* _Problem requirements_: Repeat, exactly as they appear, the lines from the one with "Bicicleta Rockrider ST 50 Negra" through the last line of the entries below, but none of the pictures.

* _Provided entries_:
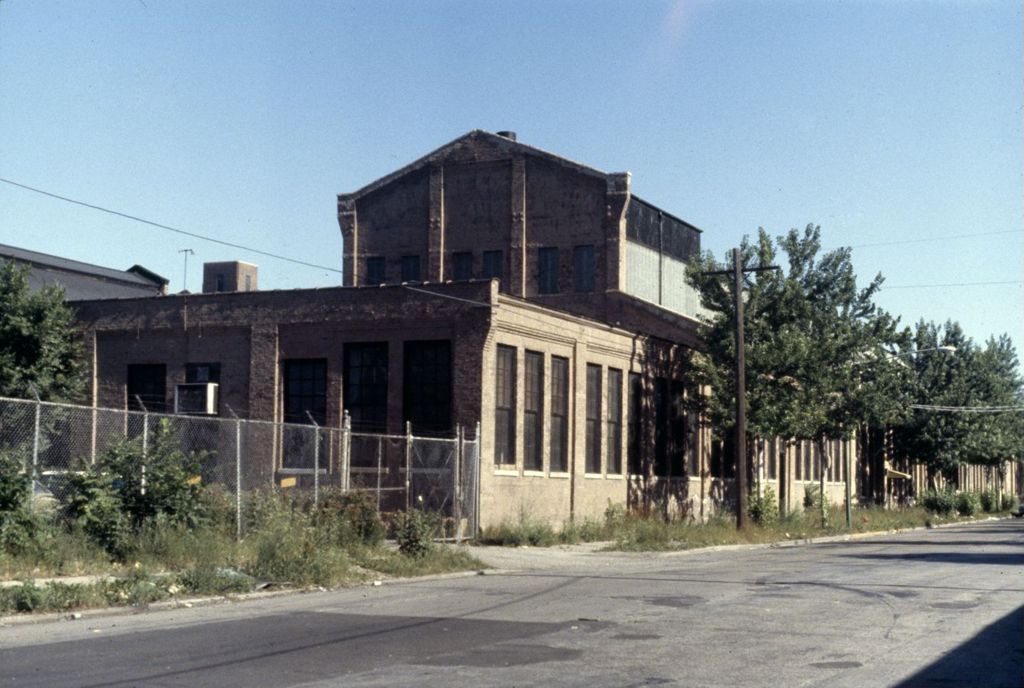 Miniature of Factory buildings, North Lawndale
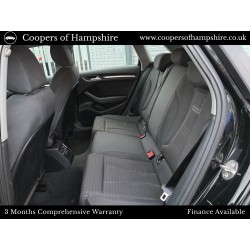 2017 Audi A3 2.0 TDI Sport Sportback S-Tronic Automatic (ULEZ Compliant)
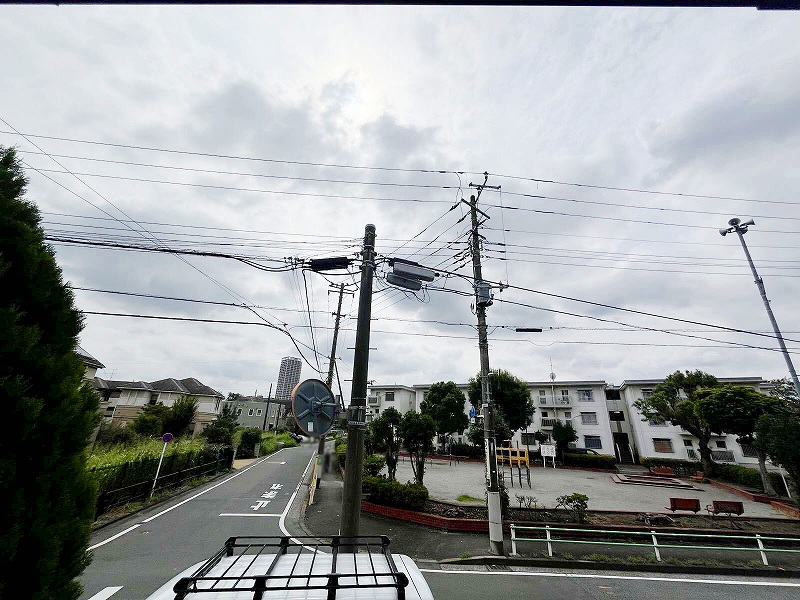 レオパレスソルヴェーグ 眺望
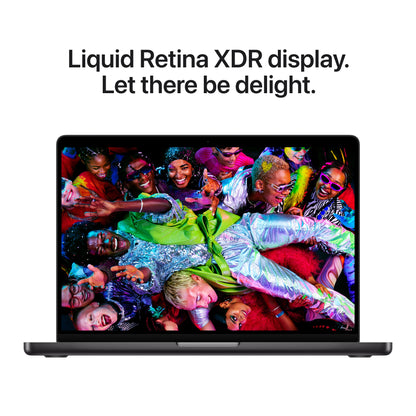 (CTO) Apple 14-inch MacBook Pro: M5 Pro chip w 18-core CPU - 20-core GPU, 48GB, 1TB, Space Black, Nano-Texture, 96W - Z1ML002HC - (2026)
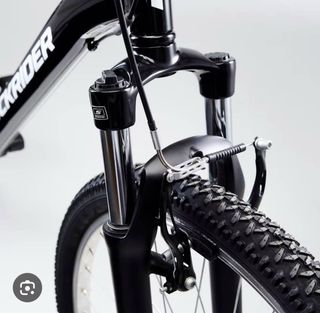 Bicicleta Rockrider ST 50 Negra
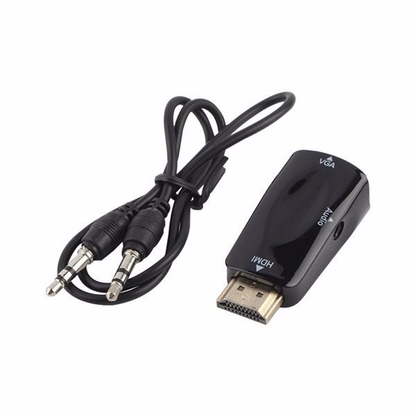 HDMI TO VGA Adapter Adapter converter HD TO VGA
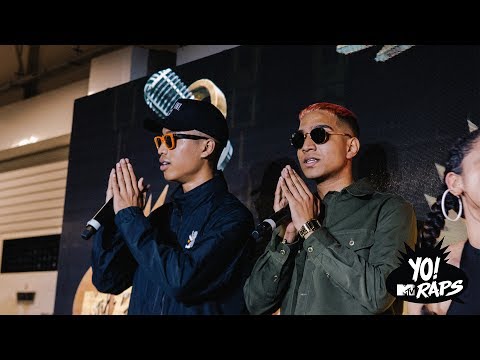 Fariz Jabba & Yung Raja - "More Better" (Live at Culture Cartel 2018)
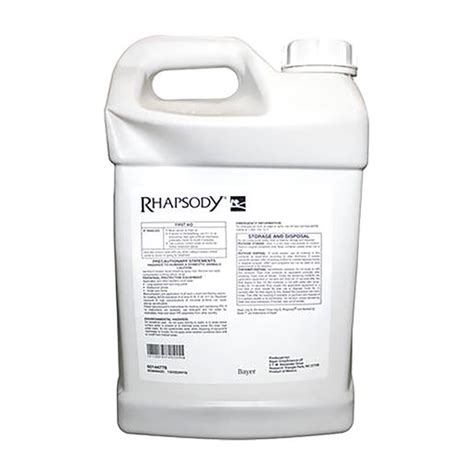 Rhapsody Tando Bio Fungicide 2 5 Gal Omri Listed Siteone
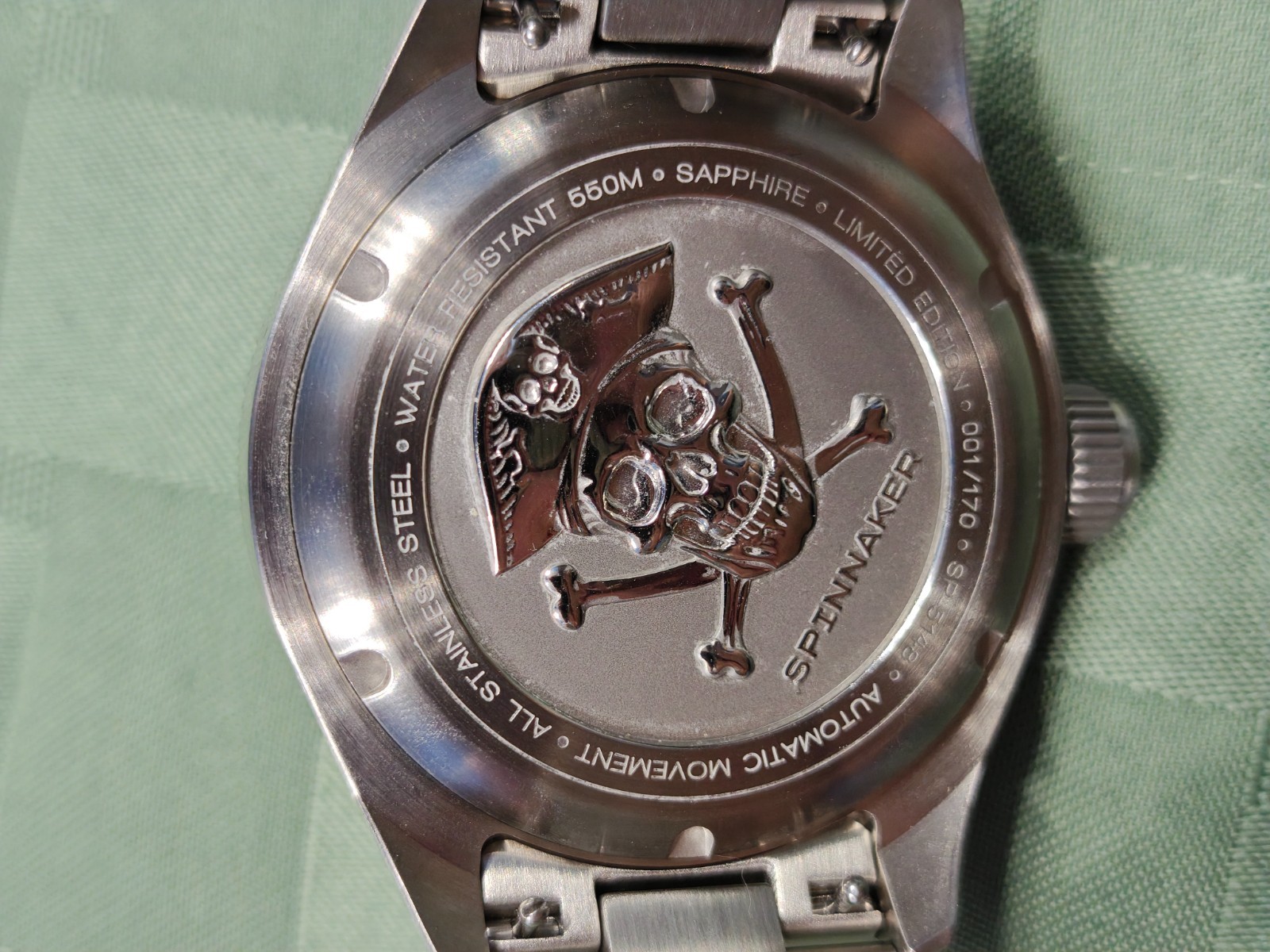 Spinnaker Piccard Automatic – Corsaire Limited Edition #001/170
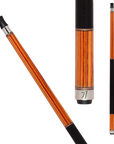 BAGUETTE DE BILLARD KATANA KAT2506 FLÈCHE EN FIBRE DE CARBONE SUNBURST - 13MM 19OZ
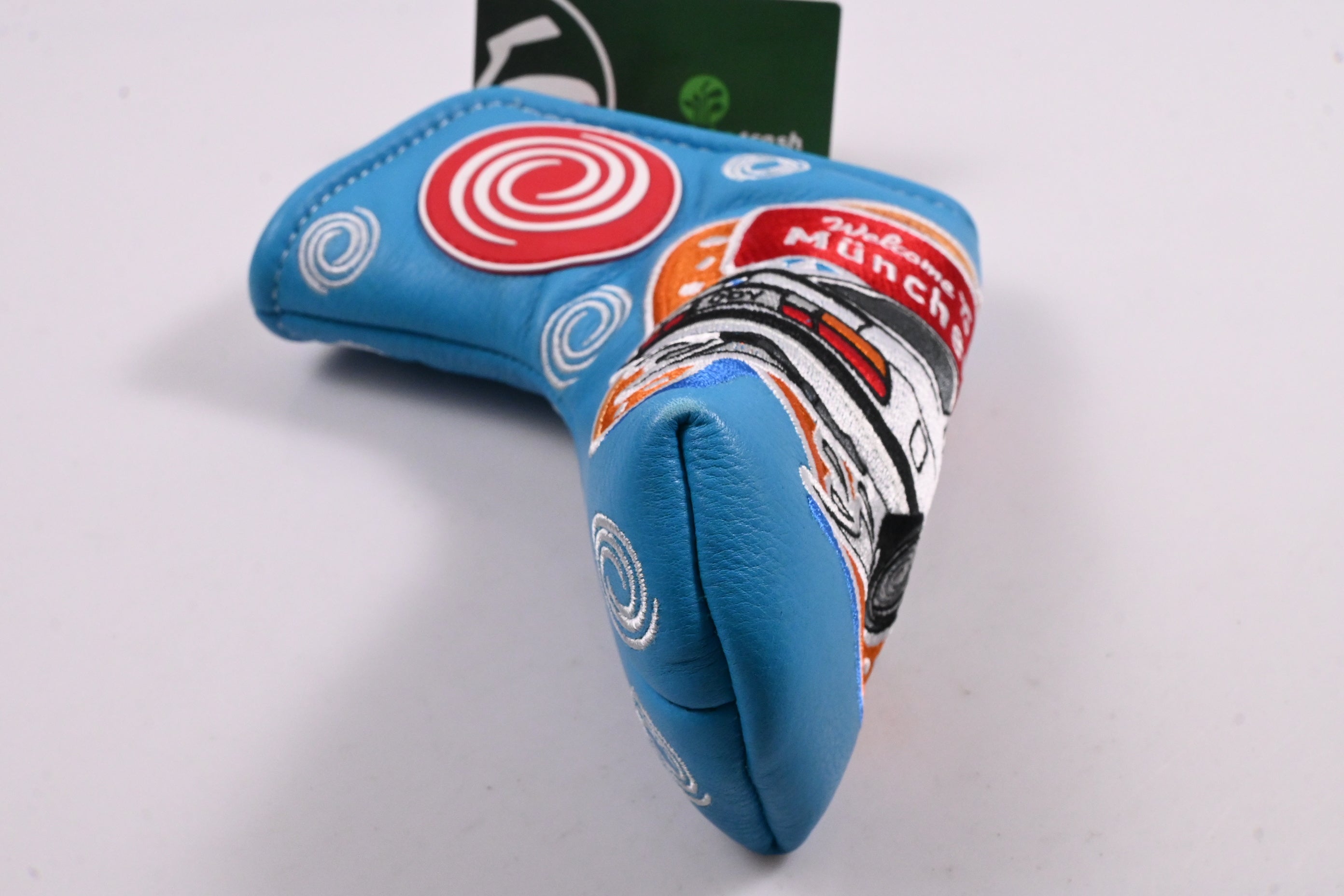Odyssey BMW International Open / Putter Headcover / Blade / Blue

* _Result of this exercise_:
 Bicicleta Rockrider ST 50 Negra
 HDMI TO VGA Adapter Adapter converter HD TO VGA
 Fariz Jabba & Yung Raja - "More Better" (Live at Culture Cartel 2018)
 Rhapsody Tando Bio Fungicide 2 5 Gal Omri Listed Siteone
 Spinnaker Piccard Automatic – Corsaire Limited Edition #001/170
 BAGUETTE DE BILLARD KATANA KAT2506 FLÈCHE EN FIBRE DE CARBONE SUNBURST - 13MM 19OZ
Odyssey BMW International Open / Putter Headcover / Blade / Blue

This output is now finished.